Here, however, there is no legal obstacle to our affirming Moore’s § 1001 conviction: Moore did not contend that the term “willfully” in § 1001 requires proof of the defendant’s knowledge of the law, and he did not challenge the jury instructions on that basis. But in a case where the issue is raised, the Supreme Court’s precedents arguably require district courts in § 1001 cases to give a willfulness instruction that requires proof that the defendant knew his conduct was a crime. To be sure, in many false statements cases the Government will be able to easily prove that the defendant knew his conduct was unlawful. But in some cases, it will not be able to do so— and those of course are precisely the cases where it would seem inappropriate and contrary to § 1001’s statutory text to impose criminal punishment.

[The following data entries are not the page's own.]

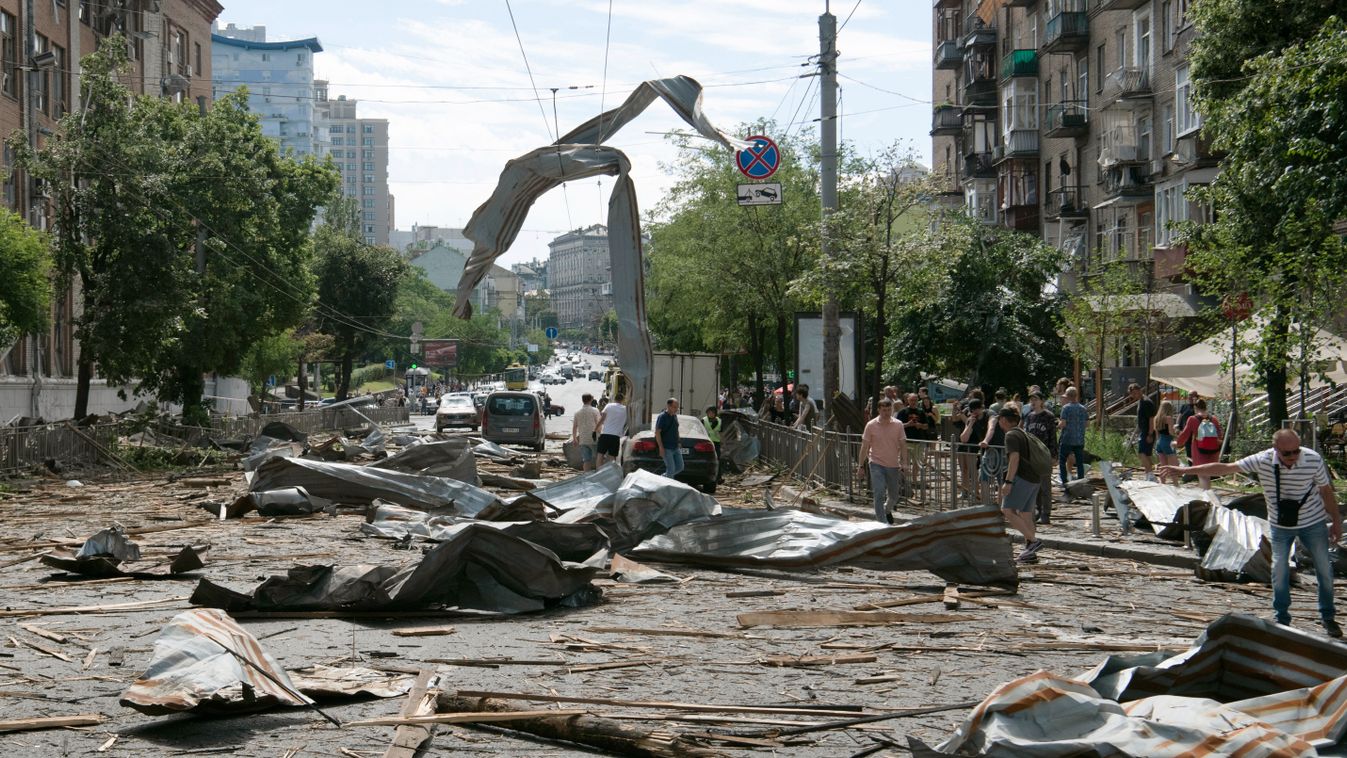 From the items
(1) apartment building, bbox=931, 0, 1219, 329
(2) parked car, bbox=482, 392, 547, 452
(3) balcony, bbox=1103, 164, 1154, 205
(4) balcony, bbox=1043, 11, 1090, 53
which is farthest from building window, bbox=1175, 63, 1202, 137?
(2) parked car, bbox=482, 392, 547, 452

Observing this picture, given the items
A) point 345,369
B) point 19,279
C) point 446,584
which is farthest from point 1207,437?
point 345,369

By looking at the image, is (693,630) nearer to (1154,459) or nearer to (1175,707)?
(1175,707)

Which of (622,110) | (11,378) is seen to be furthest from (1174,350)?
(11,378)

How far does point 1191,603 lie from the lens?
12070mm

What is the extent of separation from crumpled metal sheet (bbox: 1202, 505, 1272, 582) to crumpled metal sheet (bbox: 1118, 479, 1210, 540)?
189 centimetres

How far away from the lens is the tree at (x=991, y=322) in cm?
4356

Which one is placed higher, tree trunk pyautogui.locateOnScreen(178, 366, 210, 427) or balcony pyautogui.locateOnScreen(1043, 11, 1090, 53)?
balcony pyautogui.locateOnScreen(1043, 11, 1090, 53)

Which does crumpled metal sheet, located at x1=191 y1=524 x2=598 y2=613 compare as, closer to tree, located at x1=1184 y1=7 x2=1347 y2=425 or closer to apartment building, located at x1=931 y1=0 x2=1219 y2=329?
tree, located at x1=1184 y1=7 x2=1347 y2=425

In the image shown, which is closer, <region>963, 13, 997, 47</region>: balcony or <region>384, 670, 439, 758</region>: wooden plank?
<region>384, 670, 439, 758</region>: wooden plank

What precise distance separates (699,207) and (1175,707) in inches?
1586

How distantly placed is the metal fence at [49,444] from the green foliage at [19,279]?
220 centimetres

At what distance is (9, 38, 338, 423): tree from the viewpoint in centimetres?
3319

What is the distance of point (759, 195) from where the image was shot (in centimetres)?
2786

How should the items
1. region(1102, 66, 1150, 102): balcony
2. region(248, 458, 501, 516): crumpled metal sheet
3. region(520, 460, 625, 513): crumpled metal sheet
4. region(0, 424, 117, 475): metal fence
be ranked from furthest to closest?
region(1102, 66, 1150, 102): balcony
region(0, 424, 117, 475): metal fence
region(248, 458, 501, 516): crumpled metal sheet
region(520, 460, 625, 513): crumpled metal sheet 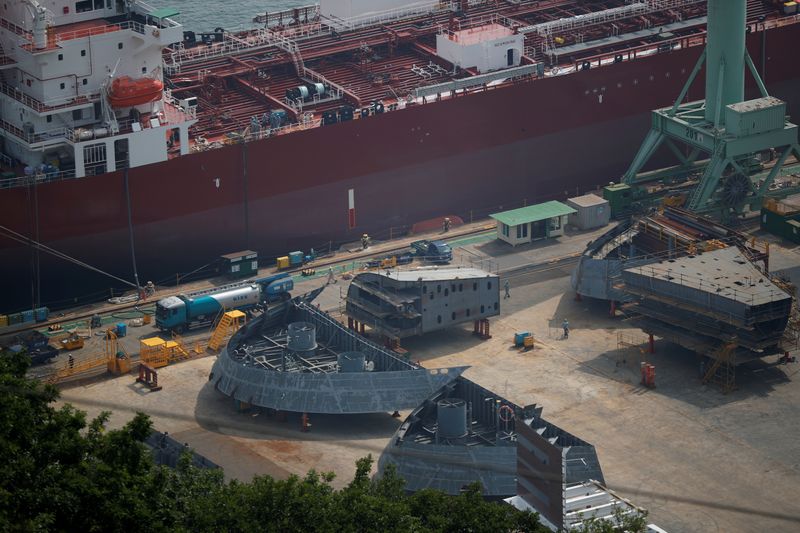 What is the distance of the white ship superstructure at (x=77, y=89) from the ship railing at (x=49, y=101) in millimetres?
40

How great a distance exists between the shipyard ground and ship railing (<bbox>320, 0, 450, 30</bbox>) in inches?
905

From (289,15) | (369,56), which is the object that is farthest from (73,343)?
(289,15)

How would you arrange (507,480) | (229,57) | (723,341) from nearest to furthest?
(507,480), (723,341), (229,57)

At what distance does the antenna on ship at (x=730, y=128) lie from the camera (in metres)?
78.5

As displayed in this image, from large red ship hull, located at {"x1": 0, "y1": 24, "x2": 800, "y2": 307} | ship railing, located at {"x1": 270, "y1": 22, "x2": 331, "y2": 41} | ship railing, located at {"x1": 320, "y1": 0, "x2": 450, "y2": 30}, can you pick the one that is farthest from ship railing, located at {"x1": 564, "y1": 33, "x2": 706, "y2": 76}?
ship railing, located at {"x1": 270, "y1": 22, "x2": 331, "y2": 41}

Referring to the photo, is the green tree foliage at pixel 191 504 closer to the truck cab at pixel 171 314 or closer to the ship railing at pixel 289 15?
the truck cab at pixel 171 314

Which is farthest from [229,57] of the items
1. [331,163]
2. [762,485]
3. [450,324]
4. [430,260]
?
[762,485]

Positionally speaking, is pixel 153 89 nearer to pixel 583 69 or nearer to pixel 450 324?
pixel 450 324

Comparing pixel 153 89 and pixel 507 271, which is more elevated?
pixel 153 89

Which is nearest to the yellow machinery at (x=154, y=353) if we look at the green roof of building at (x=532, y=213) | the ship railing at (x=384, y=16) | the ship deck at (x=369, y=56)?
the ship deck at (x=369, y=56)

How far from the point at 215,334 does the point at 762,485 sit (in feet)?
71.5

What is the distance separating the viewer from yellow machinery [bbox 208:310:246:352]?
68562mm

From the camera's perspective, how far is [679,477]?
58719 mm

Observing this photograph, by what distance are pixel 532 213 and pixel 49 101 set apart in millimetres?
21298
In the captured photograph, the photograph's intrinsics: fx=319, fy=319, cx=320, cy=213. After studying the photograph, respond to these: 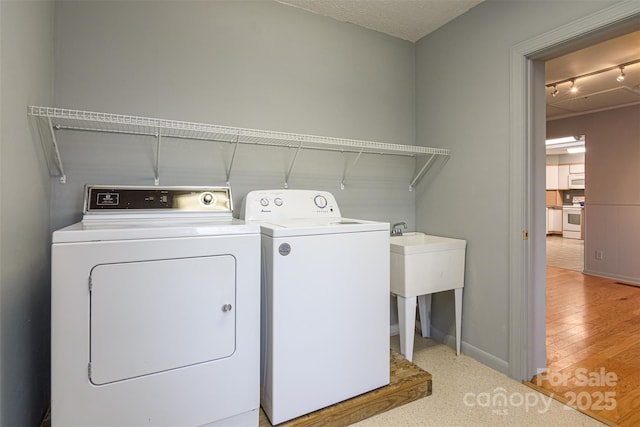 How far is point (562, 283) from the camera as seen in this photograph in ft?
14.0

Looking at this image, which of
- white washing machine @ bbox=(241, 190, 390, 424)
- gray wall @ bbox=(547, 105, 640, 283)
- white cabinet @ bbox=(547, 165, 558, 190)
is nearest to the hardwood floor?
gray wall @ bbox=(547, 105, 640, 283)

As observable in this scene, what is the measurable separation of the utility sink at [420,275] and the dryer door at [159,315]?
116 cm

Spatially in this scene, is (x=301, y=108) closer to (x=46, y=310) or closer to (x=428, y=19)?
(x=428, y=19)

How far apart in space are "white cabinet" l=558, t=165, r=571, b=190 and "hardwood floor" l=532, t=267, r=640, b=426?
6153mm

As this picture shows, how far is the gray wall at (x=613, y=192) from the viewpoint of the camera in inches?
171

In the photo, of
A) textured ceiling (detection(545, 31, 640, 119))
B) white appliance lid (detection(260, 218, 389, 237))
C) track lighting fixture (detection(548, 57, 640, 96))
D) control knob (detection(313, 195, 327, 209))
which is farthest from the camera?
track lighting fixture (detection(548, 57, 640, 96))

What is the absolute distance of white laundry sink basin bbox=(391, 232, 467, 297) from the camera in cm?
206

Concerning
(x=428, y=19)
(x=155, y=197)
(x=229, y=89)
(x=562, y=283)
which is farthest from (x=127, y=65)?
(x=562, y=283)

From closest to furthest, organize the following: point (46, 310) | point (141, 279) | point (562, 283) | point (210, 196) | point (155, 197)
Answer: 1. point (141, 279)
2. point (46, 310)
3. point (155, 197)
4. point (210, 196)
5. point (562, 283)

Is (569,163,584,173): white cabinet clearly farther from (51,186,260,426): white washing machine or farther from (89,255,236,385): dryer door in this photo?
(89,255,236,385): dryer door

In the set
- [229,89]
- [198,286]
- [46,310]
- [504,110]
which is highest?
[229,89]

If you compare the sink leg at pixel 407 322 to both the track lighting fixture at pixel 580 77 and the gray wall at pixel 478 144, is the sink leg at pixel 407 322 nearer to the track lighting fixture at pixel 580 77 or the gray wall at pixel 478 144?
the gray wall at pixel 478 144

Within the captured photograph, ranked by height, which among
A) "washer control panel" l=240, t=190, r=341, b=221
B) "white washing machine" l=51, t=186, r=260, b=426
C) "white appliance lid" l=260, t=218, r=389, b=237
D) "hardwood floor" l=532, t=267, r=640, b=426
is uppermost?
"washer control panel" l=240, t=190, r=341, b=221

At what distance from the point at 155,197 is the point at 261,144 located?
78 centimetres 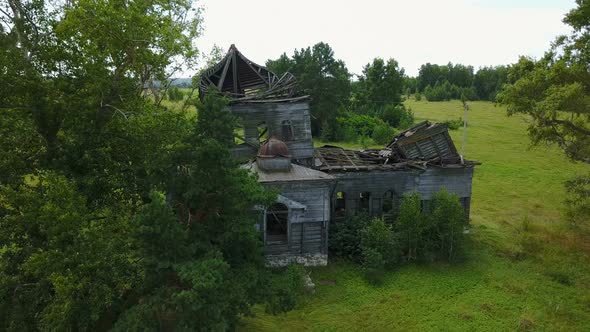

 To say that the Government must prove the defendant knew the conduct was a crime is not necessarily to say that the Government must prove the defendant knew the specific code provision proscribing the conduct, except with respect to certain highly technical statutes. See Bryan, 524 U.S. at 194, 118 S.Ct. 1939; cf. Ratzlaf, 510 U.S. at 141, 114 S.Ct. 655 (anti-structuring statute); Cheek, 498 U.S. at 200, 111 S.Ct. 604 (tax statute).